By Stan Deresinski, MD, FACP, FIDSA

Clinical Professor of Medicine, Stanford University

Dr. Deresinski reports no financial relationships relevant to this field of study.

SYNOPSIS: Two patients developed bacteremia due to an extended-spectrum beta-lactamase producing Escherichia coli that had been transmitted to them via stool transplantation.

SOURCE: DeFilipp Z, Bloom PP, Torres Soto M, et al. Drug-resistant E. coli bacteremia transmitted by fecal microbiota transplant. N Engl J Med 2019 Oct 30. doi: 10.1056/NEJMoa1910437. [Epub ahead of print].

A 69-year-old man with cirrhosis due to chronic hepatitis C virus infection received fecal microbiota transplantation (FMT) oral capsules upon enrolling in an open-label trial to assess its role in prevention of hepatic encephalopathy, for which he also received rifaximin. He developed fever and a pulmonary infiltrate 17 days after his last FMT dose and was given levofloxacin, which was changed to piperacillin-tazobactam when blood cultures yielded aerobic Gram-negative bacilli. A further therapeutic change was made to carbapenem therapy when the organism was found to be an extended-spectrum beta-lactamase (ESBL)-producing Escherichia coli, and the infection resolved.

A 73-year-old man with myelodysplastic syndrome was admitted for receipt of an allogeneic hematopoietic stem cell transplant (allo-HCT) from an unrelated HLA-mismatched donor after reduced intensity conditioning. He was given two doses of cyclophosphamide, followed by ongoing sirolimus and mycophenolate mofetil as prophylaxis against graft-versus-host disease and also received antibacterial prophylaxis with cefpodoxime. He received multiple doses of FMT oral capsules as part of a study of its effects in allo-HCT. Five days after receipt of his transplant and eight days after receipt of his last FMT capsule, at which time his absolute neutrophil count was 0/mm3, he became febrile. Blood drawn for culture yielded an ESBL-producing E. coli. He worsened and died despite treatment with meropenem.

Both patients had received FMT capsules from the same lot, and ESBL-positive E. coli was detected in each of these lots. Although screening of donor stool for the presence of ESBL-producing E. coli was initiated prior to these cases in January 2019, these lots had been prepared before that time and did not undergo such screening. Isolates from the implicated lot and those from the patients were found to be essentially identical by whole genome sequencing.
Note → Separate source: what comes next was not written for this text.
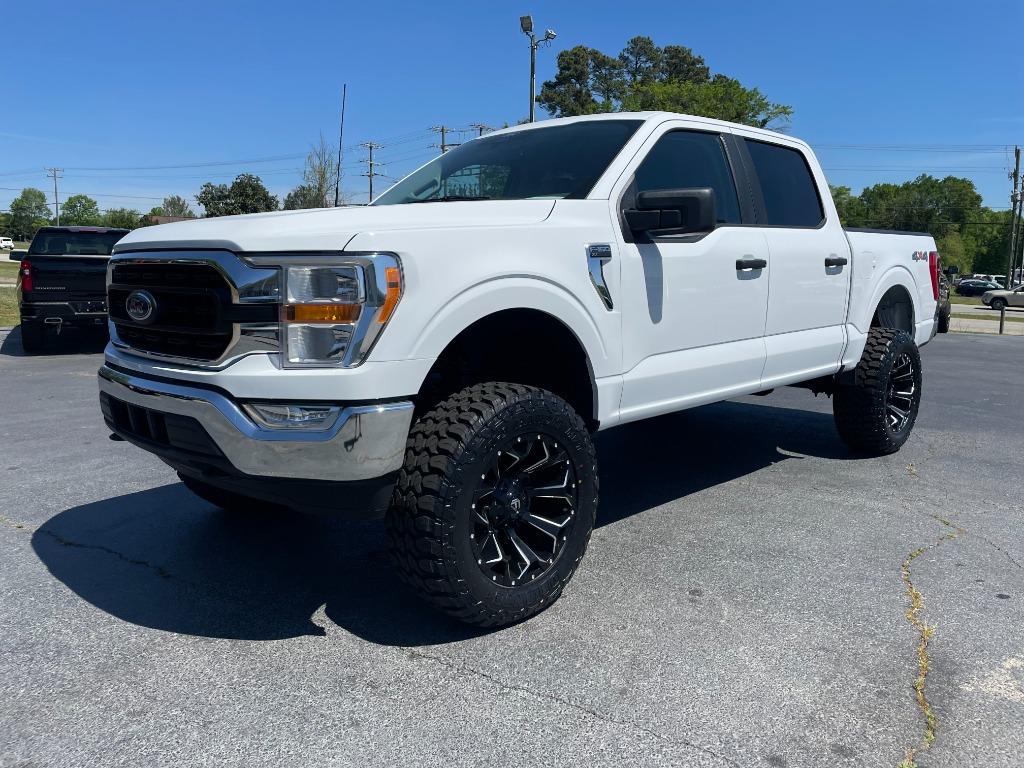 2022 Ford F150 XLT/ 6in Lift On 35s photo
Gram-negative bacteremia has been reported rarely as a complication of FMT. In fact, recent evidence indicates that, when used in the management of patients with recurrent Clostridioides difficile infection (CDI), FMT appears to protect from bloodstream infection.1

The two patients described here received FMT for reasons other than recurrent CDI, and both had disease states that predispose to bacteremia. One of the patients, who was treated in the setting of allogeneic stem cell transplantation and profound neutropenia, died as a consequence of bloodstream infection, despite having received appropriate antibiotic therapy.

If nothing else, this report illustrates the critical importance of extensive screening of donor stool before its clinical use.


  1. Ianiro G, Murri R, Sciumè GD, et al. Incidence of bloodstream infections, length of hospital stay, and survival in patients with recurrent Clostridioides difficile infection treated with fecal microbiota transplantation or antibiotics: A prospective cohort study. Ann Intern Med 2019 Nov 5. doi: 10.7326/M18-3635. [Epub ahead of print].